Journalist and biographer James Gavin, who has written about Lena Horne, Chet Baker and "the golden age of cabaret," turns his attention to legendary singer/songwriter Peggy Lee in Is That All There Is? The Strange Life of Peggy Lee (Atria), detailing the rise and fall of the woman whose hits included "Fever" and songs from Disney's Lady and the Tramp.

Musician and writer Daniel Rachel, the author of The Art of Noise: Conversations with Great Songwriters (St. Martin's Griffin), compiled 27 interviews with "British songwriting giants," including queer artists such as Neil Tennant and Chris Lowe (of Pet Shop Boys) and Joan Armatrading, as well as talented allies including Annie Lennox, Billy Bragg and Lily Allen.

Alone: The Triumph and Tragedy of John Curry (Bloomsbury) by Bill Jones follows openly gay British figure skater John Curry from public Olympic glory to the privacy of "a tortured, lonely man of labyrinthine complexity."

Coming Out To Play (Penguin) by Robbie Rogers, with Eric Marcus, is openly gay soccer superstar Rogers' effort to clarify the "shorthand versions" of his life that have made it to print (and other media) since he came out publicly in early 2013. The book includes 16 pages of photos and three "trading cards."
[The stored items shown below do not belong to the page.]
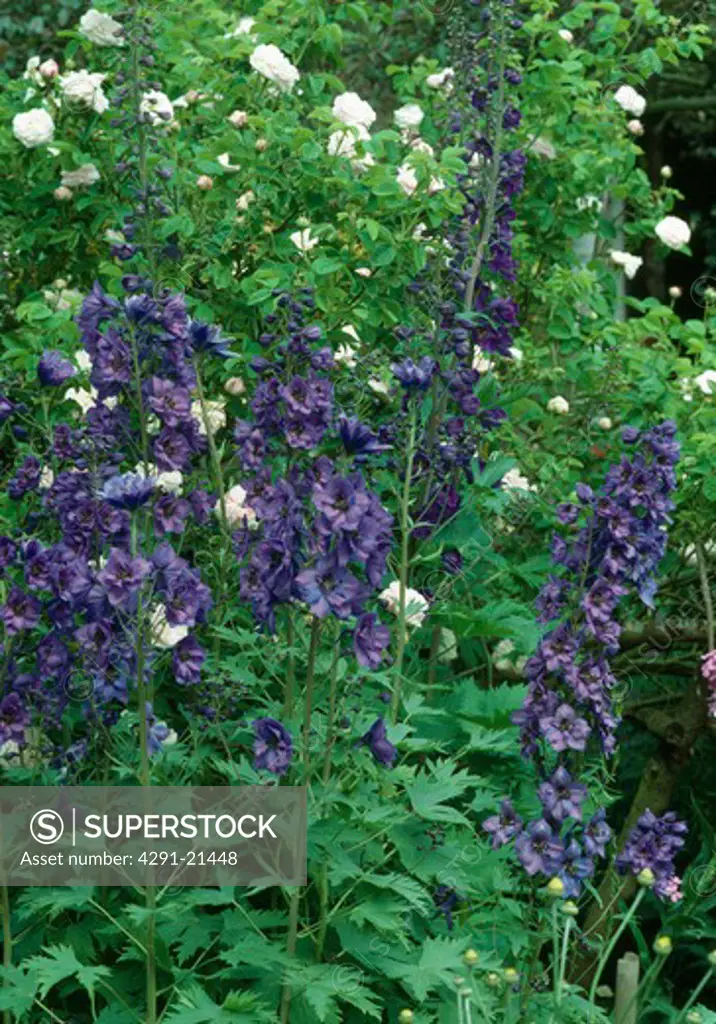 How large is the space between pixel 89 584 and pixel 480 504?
59.3 inches

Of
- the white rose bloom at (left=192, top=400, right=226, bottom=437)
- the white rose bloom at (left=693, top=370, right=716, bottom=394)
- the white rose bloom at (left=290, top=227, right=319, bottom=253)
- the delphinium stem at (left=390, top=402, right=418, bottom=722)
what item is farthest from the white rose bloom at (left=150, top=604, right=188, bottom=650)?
the white rose bloom at (left=693, top=370, right=716, bottom=394)

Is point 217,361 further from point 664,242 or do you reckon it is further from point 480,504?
point 664,242

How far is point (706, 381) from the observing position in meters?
4.29

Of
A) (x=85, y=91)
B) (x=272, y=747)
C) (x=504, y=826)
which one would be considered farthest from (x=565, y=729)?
(x=85, y=91)

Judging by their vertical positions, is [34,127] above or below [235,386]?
above

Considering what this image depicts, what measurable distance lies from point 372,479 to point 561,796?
0.87 metres

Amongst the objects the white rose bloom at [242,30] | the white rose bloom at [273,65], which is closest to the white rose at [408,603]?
the white rose bloom at [273,65]

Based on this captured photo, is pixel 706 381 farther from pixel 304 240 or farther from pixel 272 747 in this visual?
pixel 272 747

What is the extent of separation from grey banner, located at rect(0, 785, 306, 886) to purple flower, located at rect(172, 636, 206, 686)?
22 centimetres

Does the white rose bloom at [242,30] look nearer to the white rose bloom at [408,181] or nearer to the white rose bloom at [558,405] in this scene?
the white rose bloom at [408,181]

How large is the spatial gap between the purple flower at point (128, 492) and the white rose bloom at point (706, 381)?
6.73 feet

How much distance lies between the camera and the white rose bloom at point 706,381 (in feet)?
13.8

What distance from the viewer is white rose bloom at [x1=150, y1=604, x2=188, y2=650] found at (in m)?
2.83

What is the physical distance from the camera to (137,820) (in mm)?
3037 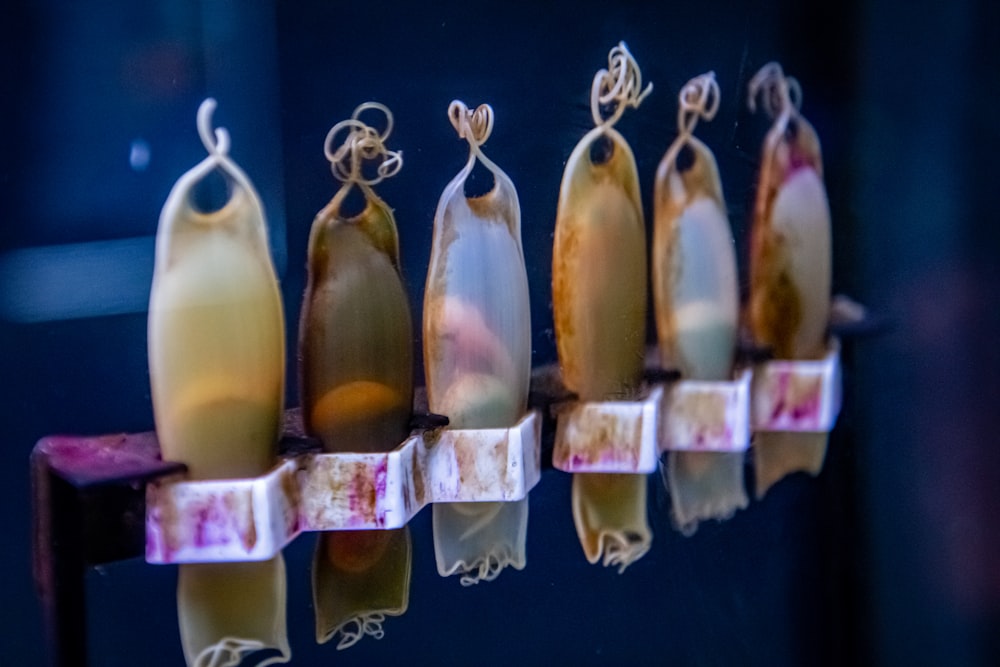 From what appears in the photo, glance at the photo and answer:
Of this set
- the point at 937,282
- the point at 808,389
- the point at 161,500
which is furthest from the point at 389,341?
the point at 937,282

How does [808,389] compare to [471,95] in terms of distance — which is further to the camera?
[808,389]

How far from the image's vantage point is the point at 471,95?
59 cm

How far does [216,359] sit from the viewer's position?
512mm

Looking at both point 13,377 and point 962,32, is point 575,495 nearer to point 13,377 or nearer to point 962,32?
point 13,377

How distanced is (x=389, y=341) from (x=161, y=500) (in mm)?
166

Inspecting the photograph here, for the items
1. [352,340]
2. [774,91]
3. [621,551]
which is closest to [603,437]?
[621,551]

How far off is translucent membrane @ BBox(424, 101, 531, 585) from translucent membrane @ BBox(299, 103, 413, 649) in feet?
0.10

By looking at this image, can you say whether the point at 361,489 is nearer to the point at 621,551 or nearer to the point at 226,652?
the point at 226,652

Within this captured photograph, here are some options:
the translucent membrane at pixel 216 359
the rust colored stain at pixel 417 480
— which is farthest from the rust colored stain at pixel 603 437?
the translucent membrane at pixel 216 359

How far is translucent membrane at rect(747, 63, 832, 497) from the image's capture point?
0.75m

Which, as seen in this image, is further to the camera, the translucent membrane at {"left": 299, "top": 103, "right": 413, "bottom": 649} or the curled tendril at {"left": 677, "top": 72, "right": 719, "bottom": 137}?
the curled tendril at {"left": 677, "top": 72, "right": 719, "bottom": 137}

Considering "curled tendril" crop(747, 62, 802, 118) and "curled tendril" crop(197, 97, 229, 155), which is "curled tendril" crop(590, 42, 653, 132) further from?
"curled tendril" crop(197, 97, 229, 155)

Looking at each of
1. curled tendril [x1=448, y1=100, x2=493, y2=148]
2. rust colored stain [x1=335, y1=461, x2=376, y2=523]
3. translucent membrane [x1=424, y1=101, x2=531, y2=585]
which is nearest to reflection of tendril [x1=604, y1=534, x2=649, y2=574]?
translucent membrane [x1=424, y1=101, x2=531, y2=585]

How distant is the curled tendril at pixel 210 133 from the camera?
51 centimetres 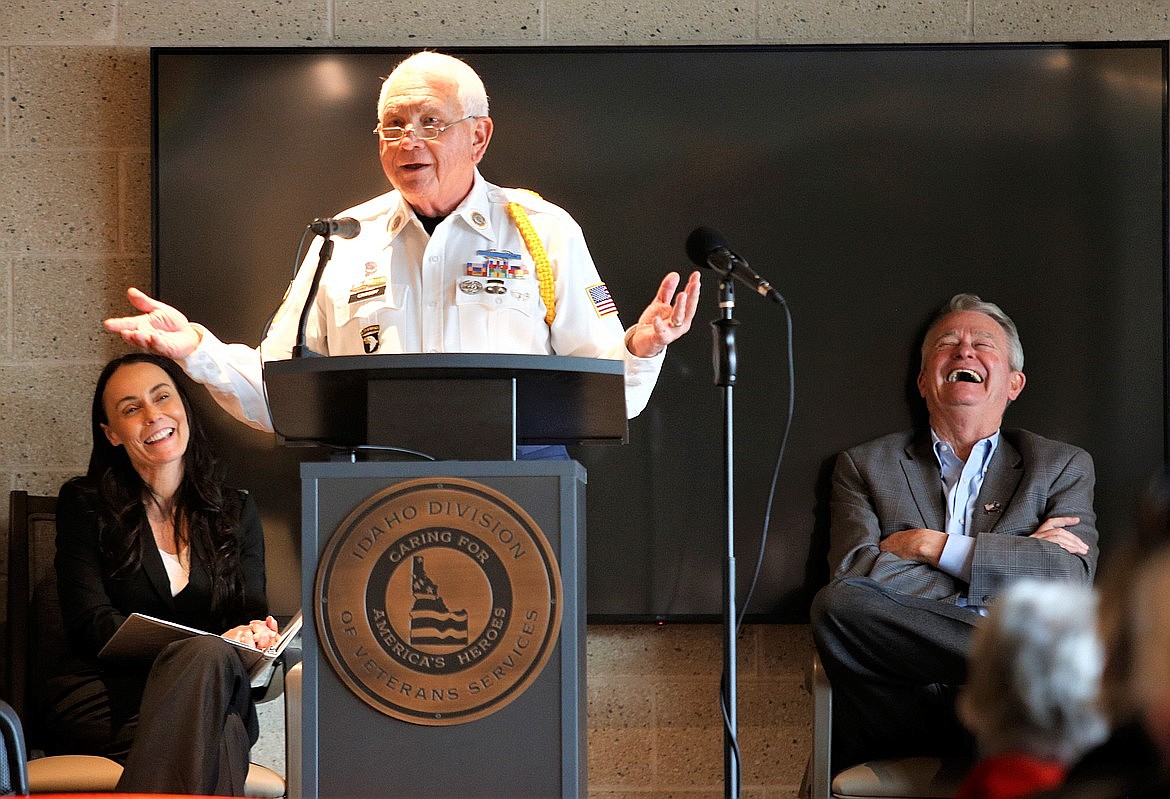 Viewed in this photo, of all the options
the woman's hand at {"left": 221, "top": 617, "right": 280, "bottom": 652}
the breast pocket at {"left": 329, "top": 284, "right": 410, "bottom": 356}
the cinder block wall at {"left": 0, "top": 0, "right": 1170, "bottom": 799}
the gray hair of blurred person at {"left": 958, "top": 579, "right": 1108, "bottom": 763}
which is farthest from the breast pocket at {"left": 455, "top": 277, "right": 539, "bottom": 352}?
the gray hair of blurred person at {"left": 958, "top": 579, "right": 1108, "bottom": 763}

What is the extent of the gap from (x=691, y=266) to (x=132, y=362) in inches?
55.2

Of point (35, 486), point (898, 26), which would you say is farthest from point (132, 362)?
point (898, 26)

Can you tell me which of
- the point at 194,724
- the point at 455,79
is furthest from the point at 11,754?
the point at 455,79

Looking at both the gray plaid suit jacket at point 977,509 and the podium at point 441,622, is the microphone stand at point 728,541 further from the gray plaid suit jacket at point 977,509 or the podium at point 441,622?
Answer: the gray plaid suit jacket at point 977,509

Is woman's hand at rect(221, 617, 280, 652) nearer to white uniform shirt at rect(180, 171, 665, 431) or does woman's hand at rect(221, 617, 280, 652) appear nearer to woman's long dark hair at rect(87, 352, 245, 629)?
woman's long dark hair at rect(87, 352, 245, 629)

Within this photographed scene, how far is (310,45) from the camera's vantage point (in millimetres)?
3646

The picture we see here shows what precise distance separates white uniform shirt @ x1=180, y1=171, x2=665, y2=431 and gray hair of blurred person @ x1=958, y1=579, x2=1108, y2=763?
6.28 ft

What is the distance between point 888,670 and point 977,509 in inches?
22.1

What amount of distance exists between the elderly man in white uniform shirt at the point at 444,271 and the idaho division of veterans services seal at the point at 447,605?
778 millimetres

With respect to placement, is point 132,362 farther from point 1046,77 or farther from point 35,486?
point 1046,77

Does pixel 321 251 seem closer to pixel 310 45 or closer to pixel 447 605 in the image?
pixel 447 605

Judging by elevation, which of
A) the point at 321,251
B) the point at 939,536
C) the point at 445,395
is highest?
the point at 321,251

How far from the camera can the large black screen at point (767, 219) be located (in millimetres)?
3494

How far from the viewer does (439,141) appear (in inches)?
108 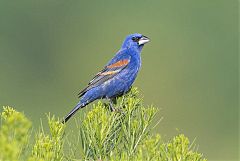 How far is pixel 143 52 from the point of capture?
43688mm

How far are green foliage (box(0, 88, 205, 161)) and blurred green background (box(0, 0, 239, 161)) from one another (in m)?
22.3

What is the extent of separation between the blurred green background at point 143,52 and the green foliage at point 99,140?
A: 22.3m

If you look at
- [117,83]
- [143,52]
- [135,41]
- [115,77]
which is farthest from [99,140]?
[143,52]

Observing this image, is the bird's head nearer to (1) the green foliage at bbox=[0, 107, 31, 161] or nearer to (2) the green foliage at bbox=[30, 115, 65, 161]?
(2) the green foliage at bbox=[30, 115, 65, 161]

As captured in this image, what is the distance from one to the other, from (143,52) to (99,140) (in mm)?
40422

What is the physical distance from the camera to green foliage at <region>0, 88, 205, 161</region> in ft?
8.87

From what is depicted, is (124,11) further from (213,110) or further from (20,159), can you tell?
(20,159)

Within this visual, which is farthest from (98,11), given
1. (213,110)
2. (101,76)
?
(101,76)

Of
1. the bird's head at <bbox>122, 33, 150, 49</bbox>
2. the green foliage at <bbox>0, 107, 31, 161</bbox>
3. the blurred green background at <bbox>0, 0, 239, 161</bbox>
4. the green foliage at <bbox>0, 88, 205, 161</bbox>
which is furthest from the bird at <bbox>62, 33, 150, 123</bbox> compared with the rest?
the blurred green background at <bbox>0, 0, 239, 161</bbox>

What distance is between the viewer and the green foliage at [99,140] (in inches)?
106

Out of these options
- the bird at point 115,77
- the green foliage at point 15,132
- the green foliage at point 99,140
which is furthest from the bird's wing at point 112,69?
the green foliage at point 15,132

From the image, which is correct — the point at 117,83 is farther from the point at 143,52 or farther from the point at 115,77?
the point at 143,52

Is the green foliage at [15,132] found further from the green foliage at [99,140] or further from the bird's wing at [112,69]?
the bird's wing at [112,69]

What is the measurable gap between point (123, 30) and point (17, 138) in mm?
44899
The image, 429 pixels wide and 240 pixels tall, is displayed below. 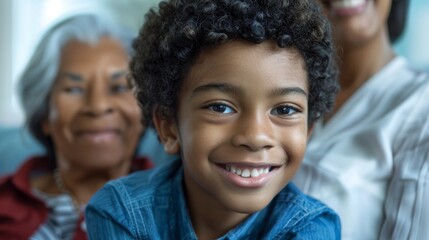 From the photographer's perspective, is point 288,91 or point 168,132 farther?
point 168,132

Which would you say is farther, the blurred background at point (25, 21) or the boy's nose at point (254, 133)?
the blurred background at point (25, 21)

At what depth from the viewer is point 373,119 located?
1405mm

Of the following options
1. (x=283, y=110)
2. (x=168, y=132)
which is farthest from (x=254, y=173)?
(x=168, y=132)

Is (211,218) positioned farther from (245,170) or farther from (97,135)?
(97,135)

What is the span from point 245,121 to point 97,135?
30.0 inches

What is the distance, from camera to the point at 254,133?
1032 mm

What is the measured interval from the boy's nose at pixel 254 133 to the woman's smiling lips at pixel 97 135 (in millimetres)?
741

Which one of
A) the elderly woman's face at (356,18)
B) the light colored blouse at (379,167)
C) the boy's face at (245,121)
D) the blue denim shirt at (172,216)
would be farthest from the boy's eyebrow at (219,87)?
the elderly woman's face at (356,18)

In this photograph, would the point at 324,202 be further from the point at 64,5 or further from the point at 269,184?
the point at 64,5

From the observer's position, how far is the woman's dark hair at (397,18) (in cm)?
173

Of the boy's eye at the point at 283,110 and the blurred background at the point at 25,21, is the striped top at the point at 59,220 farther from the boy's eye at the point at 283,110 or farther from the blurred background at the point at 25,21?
the blurred background at the point at 25,21

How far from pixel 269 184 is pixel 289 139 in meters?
0.08

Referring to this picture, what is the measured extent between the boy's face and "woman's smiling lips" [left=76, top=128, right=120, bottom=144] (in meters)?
0.64

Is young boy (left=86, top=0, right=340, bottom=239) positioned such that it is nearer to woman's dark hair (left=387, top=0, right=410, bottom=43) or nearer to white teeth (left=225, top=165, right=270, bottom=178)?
white teeth (left=225, top=165, right=270, bottom=178) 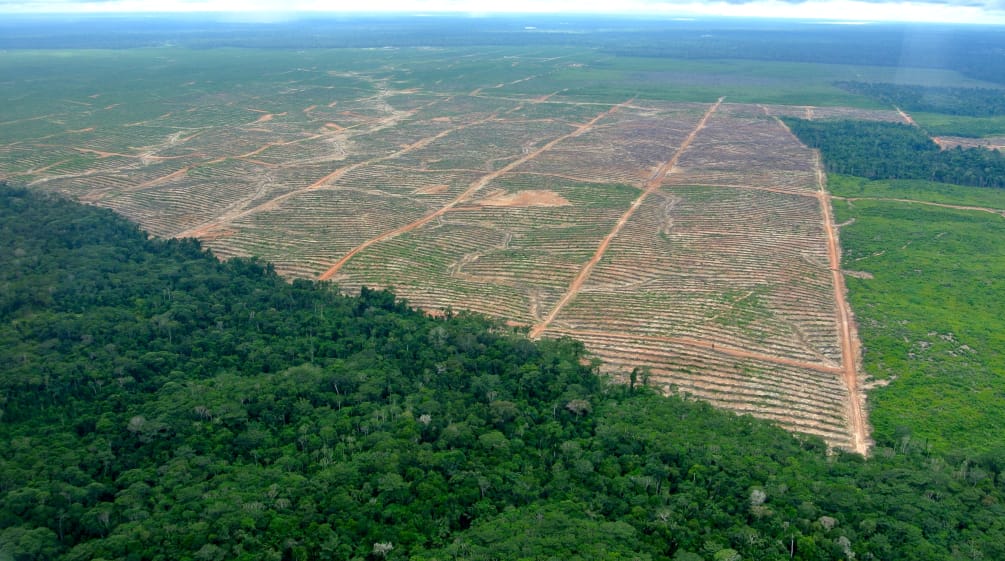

Described as "a century of portraits from the photographers of the Chicago Tribune," the coffee-table book Chicago Portraits (Midway), with a foreword by Rick Kogan and an introduction by Chicago Tribune Picture Editor Michael Zajakowski, begins on a queer note with a 2012 Alex Garcia photo of Brian Bannon, the openly gay head of the Chicago Public Library. Other LGBT portraits include Gerald Arpino, Rudolph Valentini, queer couples Stan Shellbarger and Dutes Miller and Sarah Stigler and Missy Davellis, and LGBT supporters Barack Obama, Richard M. Daley, Studs Terkel, Lady Gaga and others.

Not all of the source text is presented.